_YOUR TASK:_ Write out exactly, and only, the lines below from the line with "Both scalar variables" through the line with "On the left"; pictures do not belong in the copy.

[[ DATA SUPPLIED, beginning ]]

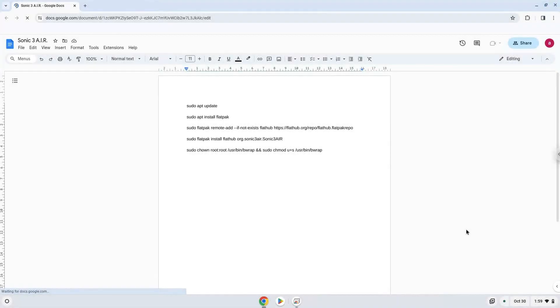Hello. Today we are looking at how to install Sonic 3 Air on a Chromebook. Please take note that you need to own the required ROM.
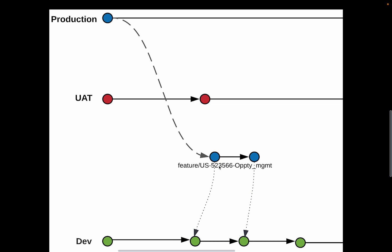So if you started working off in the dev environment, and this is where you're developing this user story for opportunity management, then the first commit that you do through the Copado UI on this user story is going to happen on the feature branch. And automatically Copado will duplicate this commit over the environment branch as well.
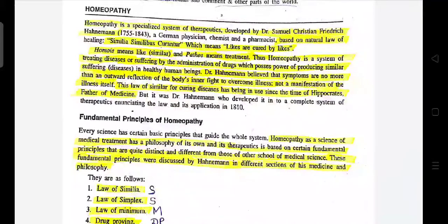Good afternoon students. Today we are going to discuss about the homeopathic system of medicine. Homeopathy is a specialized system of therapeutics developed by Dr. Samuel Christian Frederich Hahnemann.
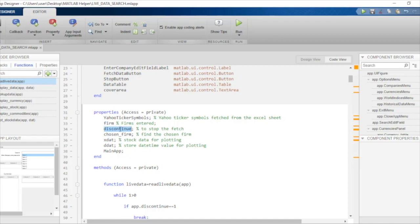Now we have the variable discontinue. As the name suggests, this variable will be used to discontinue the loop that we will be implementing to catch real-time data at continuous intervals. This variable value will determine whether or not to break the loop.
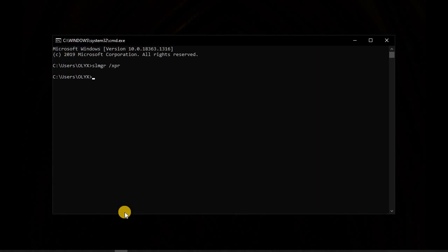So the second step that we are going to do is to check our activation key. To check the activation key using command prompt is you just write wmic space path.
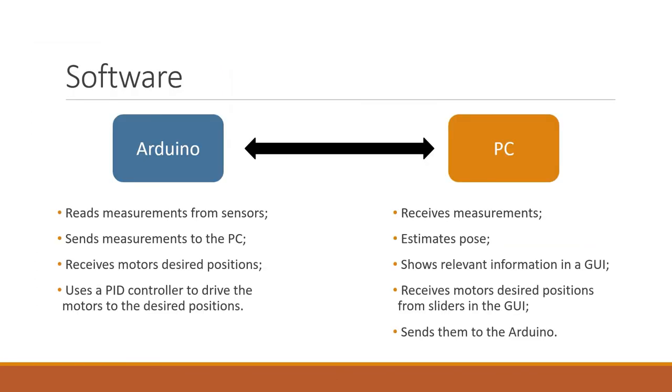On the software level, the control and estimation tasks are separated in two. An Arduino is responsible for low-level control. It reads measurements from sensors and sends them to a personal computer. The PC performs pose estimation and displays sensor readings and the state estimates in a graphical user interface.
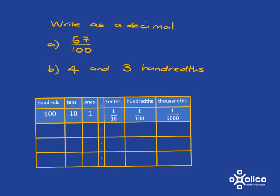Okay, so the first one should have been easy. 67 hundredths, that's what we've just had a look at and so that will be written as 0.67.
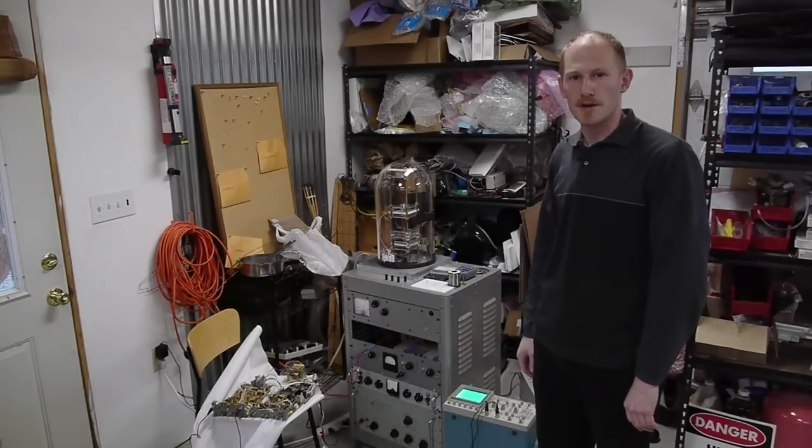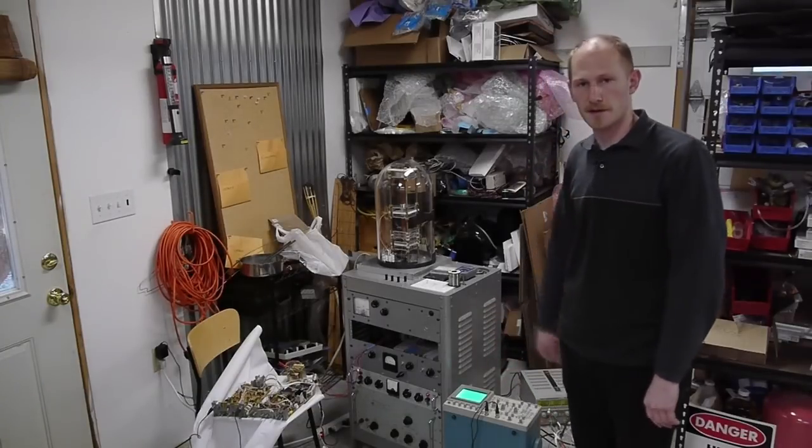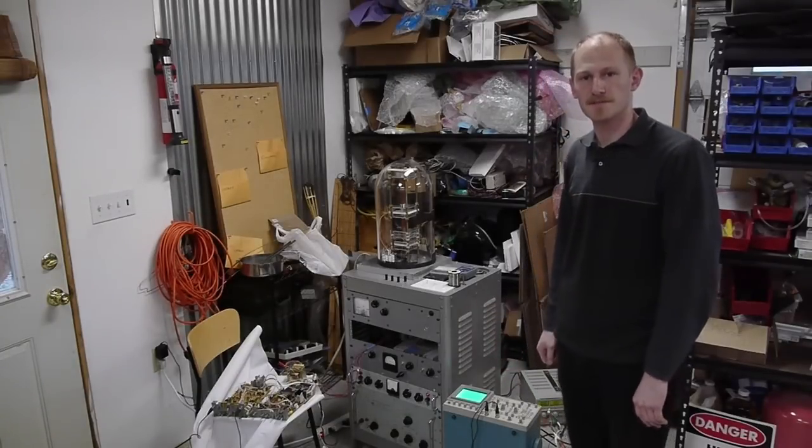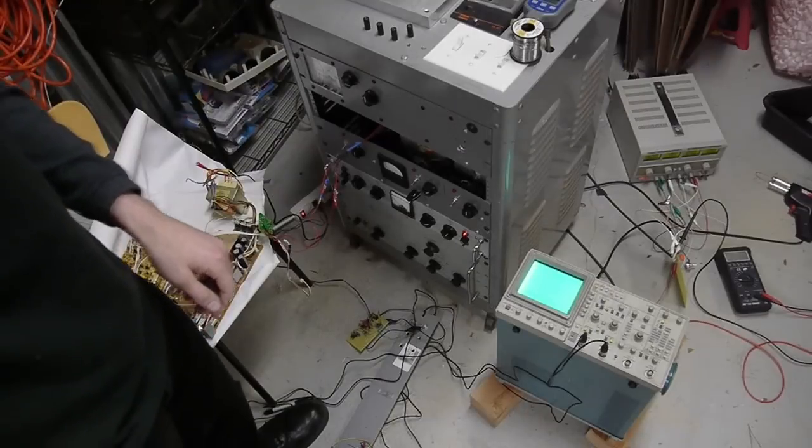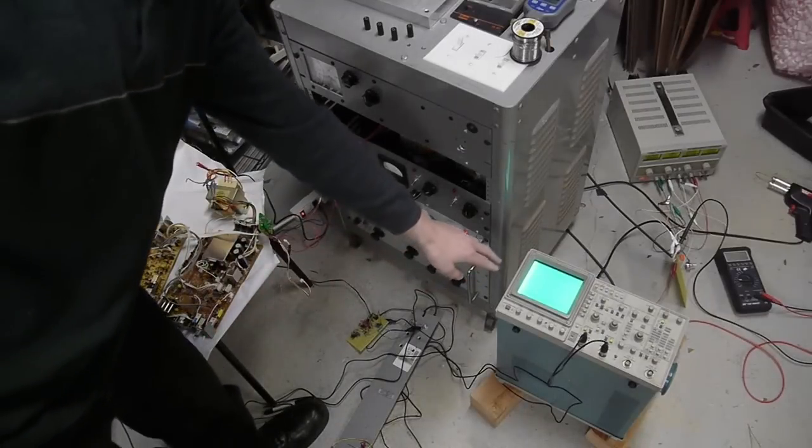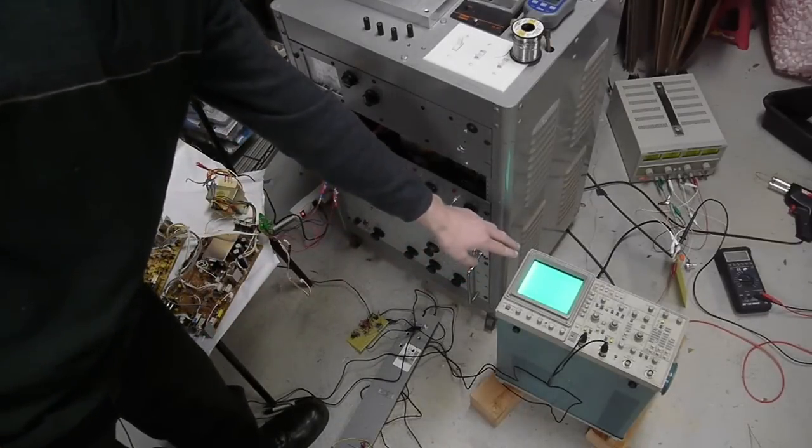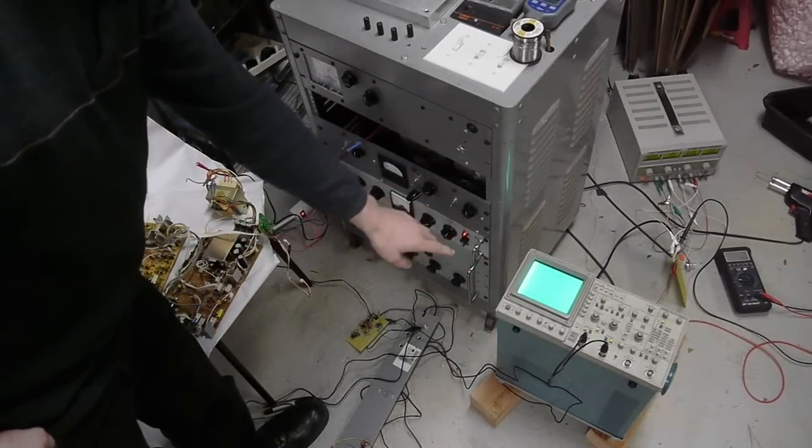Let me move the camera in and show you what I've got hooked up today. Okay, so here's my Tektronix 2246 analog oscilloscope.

[[ DATA SUPPLIED, end ]]
[[ DATA SUPPLIED, beginning ]]

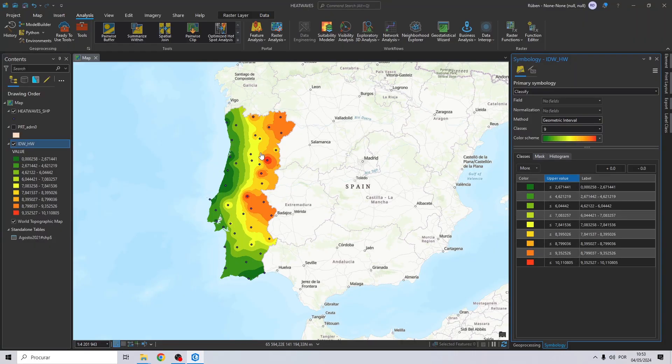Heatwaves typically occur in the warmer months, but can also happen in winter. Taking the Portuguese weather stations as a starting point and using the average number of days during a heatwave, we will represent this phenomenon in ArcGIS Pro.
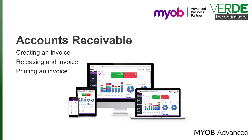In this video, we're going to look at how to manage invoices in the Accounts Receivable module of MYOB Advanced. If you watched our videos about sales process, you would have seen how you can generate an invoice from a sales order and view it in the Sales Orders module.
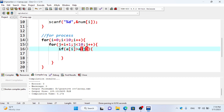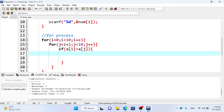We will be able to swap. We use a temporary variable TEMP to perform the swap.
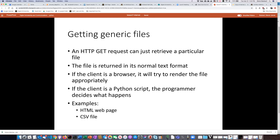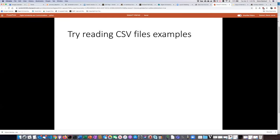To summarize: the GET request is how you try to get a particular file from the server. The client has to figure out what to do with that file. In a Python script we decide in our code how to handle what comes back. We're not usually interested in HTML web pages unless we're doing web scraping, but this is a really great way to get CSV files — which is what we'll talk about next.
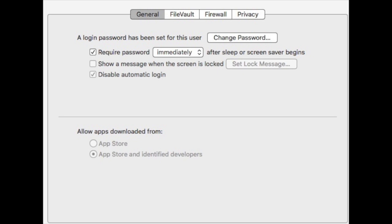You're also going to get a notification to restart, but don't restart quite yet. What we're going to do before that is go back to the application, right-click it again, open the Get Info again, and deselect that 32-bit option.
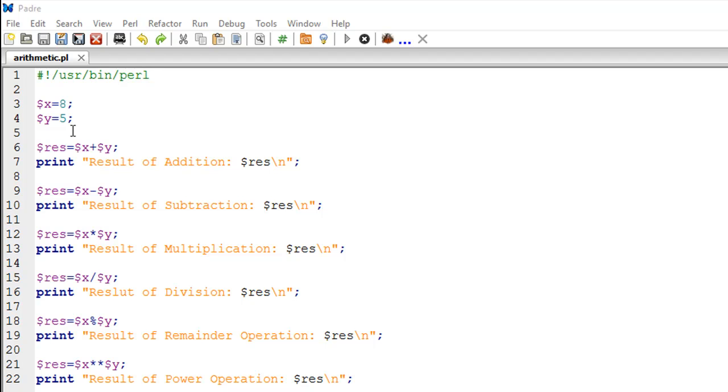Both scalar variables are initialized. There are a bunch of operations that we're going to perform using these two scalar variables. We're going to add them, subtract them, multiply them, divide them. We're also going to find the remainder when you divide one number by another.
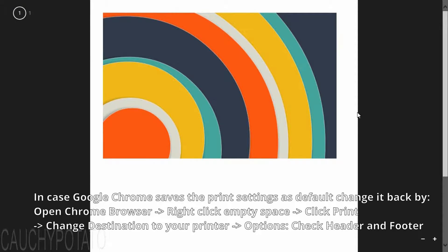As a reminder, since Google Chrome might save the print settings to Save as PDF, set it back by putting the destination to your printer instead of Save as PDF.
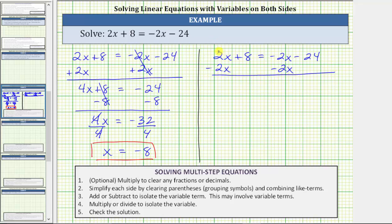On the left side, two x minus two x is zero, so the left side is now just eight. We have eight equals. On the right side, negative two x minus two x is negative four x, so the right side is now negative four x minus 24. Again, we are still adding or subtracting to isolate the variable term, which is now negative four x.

[[ DATA SUPPLIED, end ]]

_WORKED SOLUTION:_
Both scalar variables are initialized. There are a bunch of operations that we're going to perform using these two scalar variables. We're going to add them, subtract them, multiply them, divide them. We're also going to find the remainder when you divide one number by another.
As a reminder, since Google Chrome might save the print settings to Save as PDF, set it back by putting the destination to your printer instead of Save as PDF.
On the left side, two x minus two x is zero, so the left side is now just eight. We have eight equals. On the right side, negative two x minus two x is negative four x, so the right side is now negative four x minus 24. Again, we are still adding or subtracting to isolate the variable term, which is now negative four x.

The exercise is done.